If there’s not enough power to pull you up, move the kite slightly back before diving it forward. When you get the kite going and you are moving forward do not bring the kite back to neutral, this will kill your power. Instead keep the kite lower and more forward. If you continually getting yanked back, check that you are not heading the kite in the reverse direction, and try to edge the board and kite to cut more across the wind.
Practice the following different ways of stopping/slowing down on open water so when a situation arises where you need to stop in a hurry it is an instinctive reaction. This is accomplished by bringing the kite up into neutral. Anticipate possible future problems that may arise. Also know the standard “who has the right of way” rules:
1.) Starboard or right hand forward has right of way.
Example: A guy is coming toward you and you are on port tack or left hand forward.
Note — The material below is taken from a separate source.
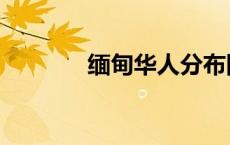 缅甸华人分布图（缅甸华人）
Pick a line away from him. You may even need to go well down wind of him.
But if you pick your line, you can usually steer clear of everyone.
Tail stall – weight the tail and point hard upwind until the kite reaches the edge of the window. (This is difficult when overpowered but is essential).
Gently steer the kite to neutral. Put your butt and side on the water, slide the board to a halt in a plume of spray. Only drop the bar to activate the safety release if absolutely necessary. And only use the emergency safety release in the event of real emergencies, i.e. the bar could hit someone.
Always give yourself plenty of room to maneuver and slow down before you get close to anything, the shore and other people included. Awareness to your surroundings is vital for safe riding.